● **Exercise directions**
Whatever comes before the line containing "Chevron Leather Shoulder Bag Mini Black" stays out; transcribe that line and all that follow to the end of the records exactly, with no pictures.

+ + + + +

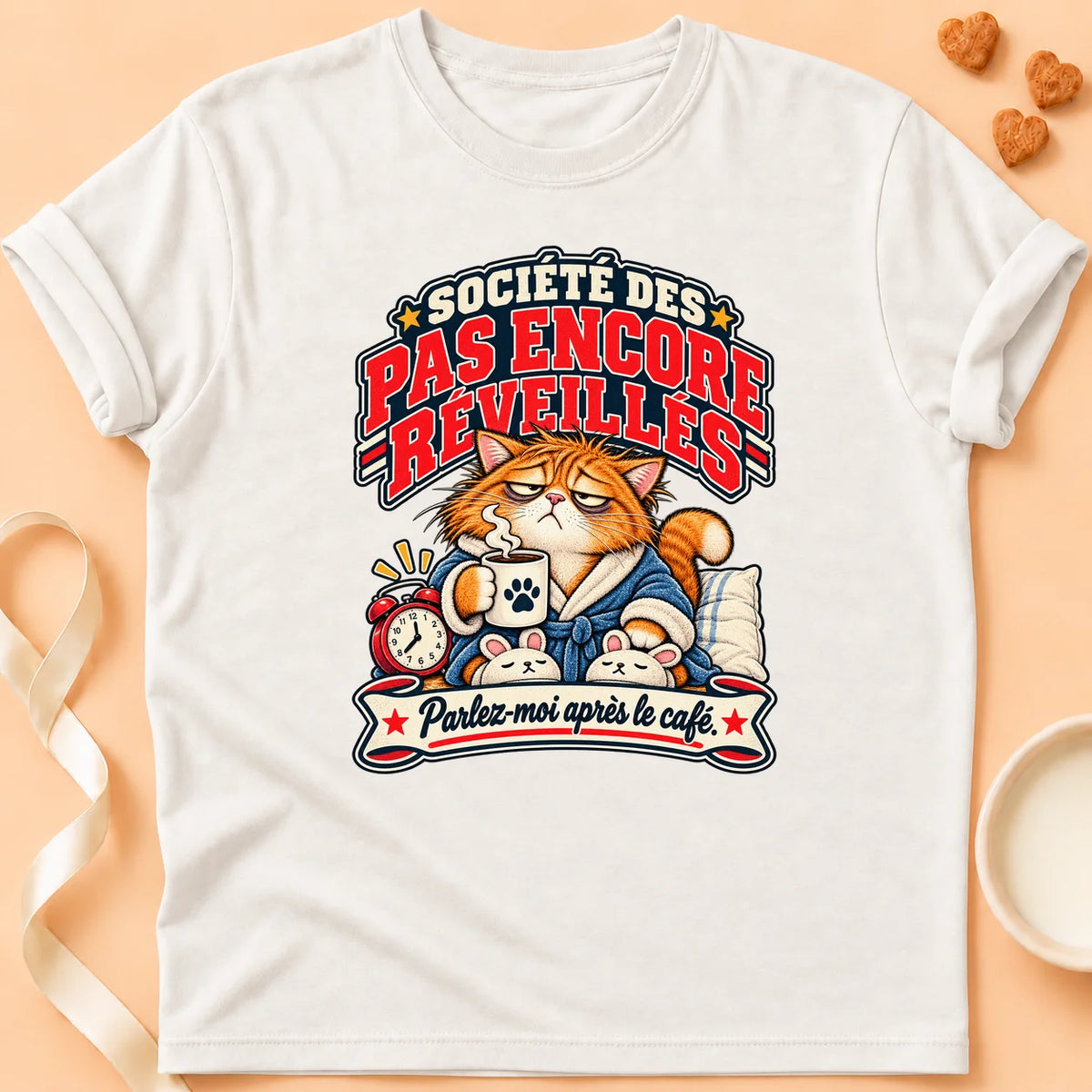 T-shirt chat Patoume – T-shirt Lève-tard – Blanc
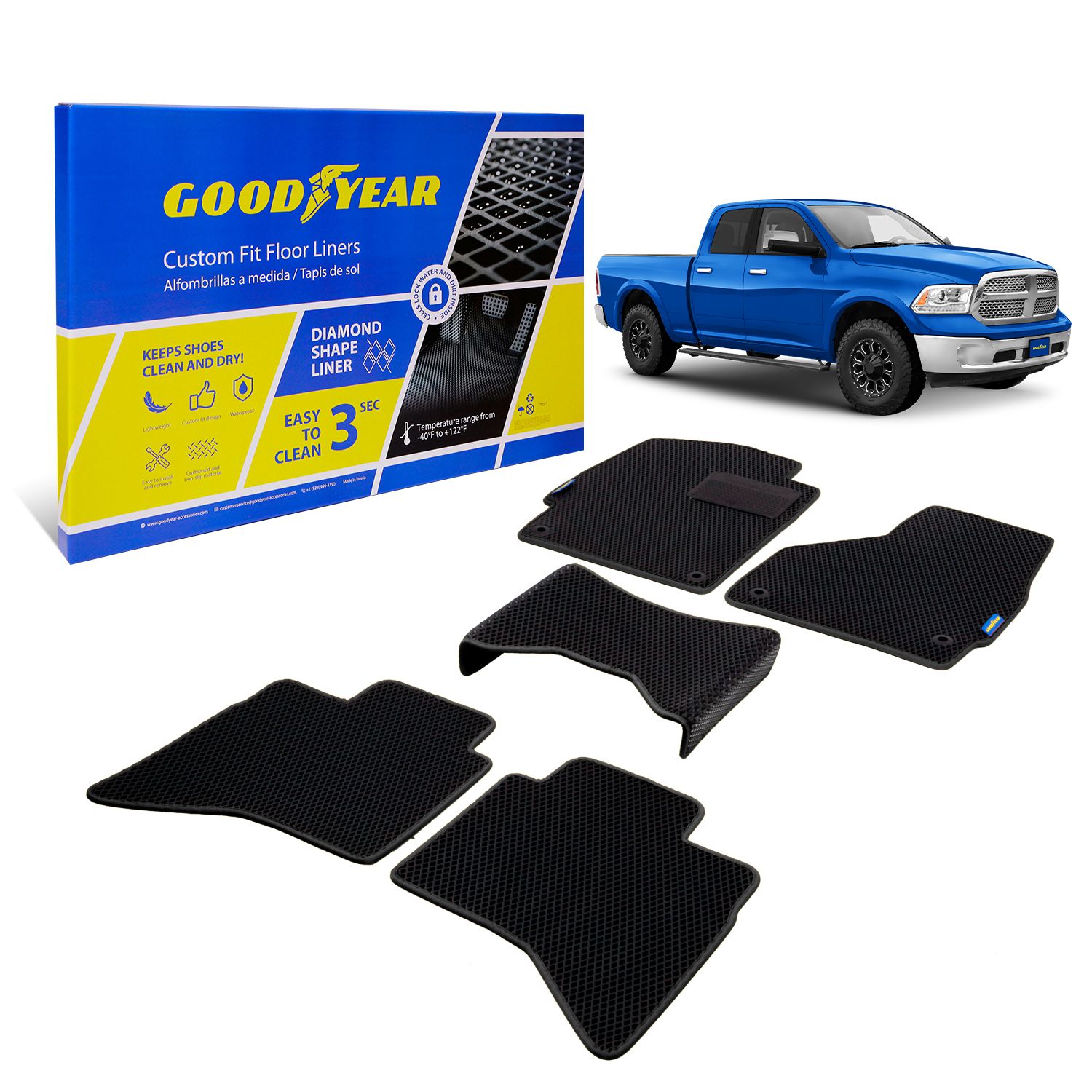 Goodyear Custom Fit Car Floor Liners for Dodge RAM 1500 2009-2018 Quad Cab, Black/Black 5 Pc. Set, All-Weather Diamond Shape Liner Traps Dirt, Liquid, Precision Interior Coverage - GY004297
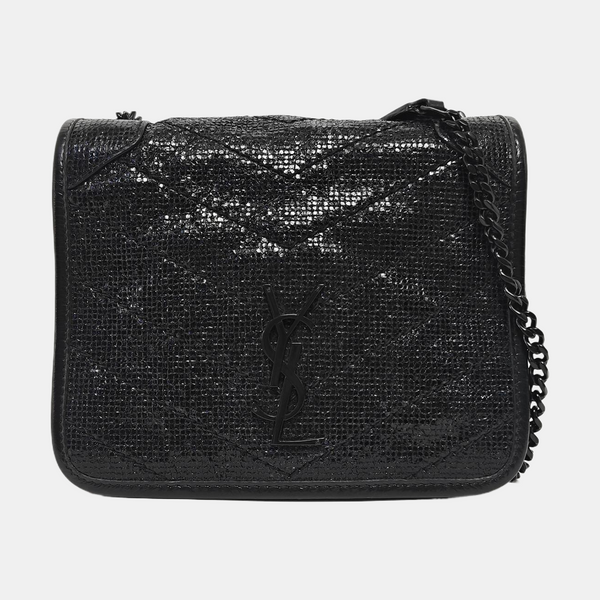 Chevron Leather Shoulder Bag Mini Black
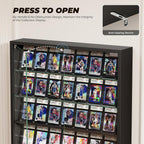 Wall Display Case with Glass Doors, Sports Card Display Case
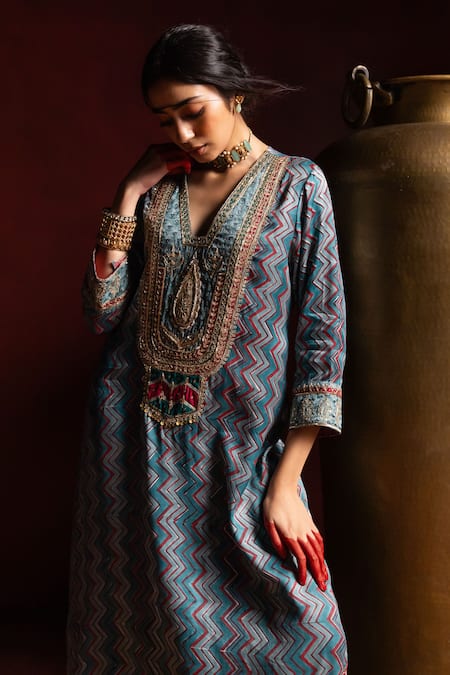 Pants And Pajamas_Aqua Silk Embroidery, Zari, Sequins V-neck Rajsi Roop Kaftan _at_Aza_Fashions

+ + + + +

● **Answer to this exercise**
 Chevron Leather Shoulder Bag Mini Black
 Wall Display Case with Glass Doors, Sports Card Display Case
 Pants And Pajamas_Aqua Silk Embroidery, Zari, Sequins V-neck Rajsi Roop Kaftan _at_Aza_Fashions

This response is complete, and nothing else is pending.